A young girl named Frances is relocated to her mother’s hometown in England during the first world war. Little does she realize, this event will change her life and affect her entire country. Frances loves playing by the stream in the woods behind her aunt’s house, sometimes with her older cousin Elsie, but typically alone. Chastised for returning so often and muddying her clothes, Frances adamantly insists she visits the beck to see the fairies. The adults don’t believe her, and challenge her to take a photograph as evidence. So Elsie creates delicately drawn and colored cut outs that they secretly use in the photos. But soon, word spreads that fairies and hope can be found in the woods near Cottingley, and reporters and even the famous Arthur Conan Doyle wishes to know and see more. A country in despair seeks the hope these two girls unknowingly offered, and a neighbor whose daughter was lost finds peace in this magical story of the Cottingley fairies.
- Frances didn’t like photographs or trust what was required to make them, and especially despised the serious-looking photo she kept of her father. How is this ironic, considering what made her and her cousin famous? Do you think she ever grew to like photographs?

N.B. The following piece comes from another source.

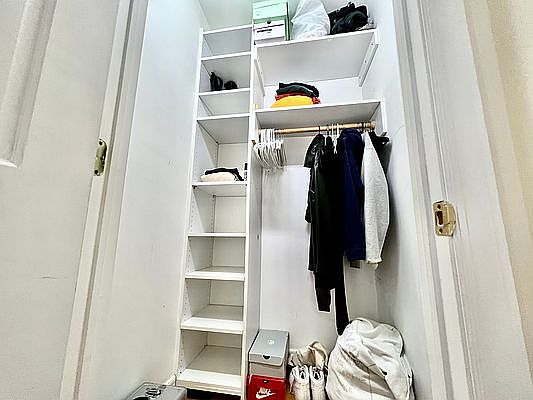 4th image of 782 Manhattan Ave APT 4L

- Frances’ teacher, Mrs. Hogan believed that make believe “keeps us going at times like this. We have to believe in the possibility of happy endings.” Was she speaking for herself, or the nation? What did she believe in?
- Cormac told Olivia that taking care of her grandmother with her dementia was “like doing a jigsaw puzzle where the pieces kept changing shape. You have to keep trying every piece until you find the one that fits.” How did he and Olivia each have to adapt to the changes that came with her memory loss?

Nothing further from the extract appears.